$f:\mathbb{R}\to\mathbb{R}$ is continuous and $\int_{0}^{\infty} f(x)dx$ exists could any one tell me which of the following statements are correct?
$1. \text{if } \lim_{x\to\infty} f(x) \text{ exists, then it is 0}$
$2. \lim_{x\to\infty} f(x) \text{ must exists, and it is 0}$
$3. \text{ in case if f is non negative } \lim_{x\to\infty} f(x) \text{ exists, and it is 0}$
$4. \text{ in case if f is differentiable } \lim_{x\to\infty} f'(x) \text{ exists, and it is 0}$
I solved one problem in past which says: if $f$ is uniformly continuos and $\int_{0}^{\infty} f(x)dx$ exists then $\lim_{x\to\infty} f(x)=0$, so the condition in one says $f$ is uniformly continuous? and hence $1$ is true? well I have no idea about the other statements. will be pleased for your help.
The point is that the limit need not exist.
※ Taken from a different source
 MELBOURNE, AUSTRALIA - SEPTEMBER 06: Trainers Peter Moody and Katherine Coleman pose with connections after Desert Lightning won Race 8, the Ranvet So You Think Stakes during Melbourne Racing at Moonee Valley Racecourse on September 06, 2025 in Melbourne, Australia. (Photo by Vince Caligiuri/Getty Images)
You can construct something according to the comment by J.J. For instance, you can consider a function such that at any integer the height is one but the width is $1/n^2$. Then the area of each rectangle is $1/n^2$ and
$$ \int_0^\infty f(x)dx=\sum\frac{1}{n^2}<\infty. $$
But the limit does not exists. You get
$$ \lim_{n\rightarrow\infty} f(n)=1, $$
$$ \lim_{n\rightarrow\infty} f(n-\delta)=0,\;\; 0<\delta<<1 $$
Thus, 1 is true. If the limit exists, it should be zero (if it isn't then the function can't be integrable, right?). 2 is not true (see the hint by J.J. and the first part of my answer above). I think that 3, 4 are not true due to the same reason.
Edit: To prove that 4 is not true you can construct a (more decaying) example and then integrate it.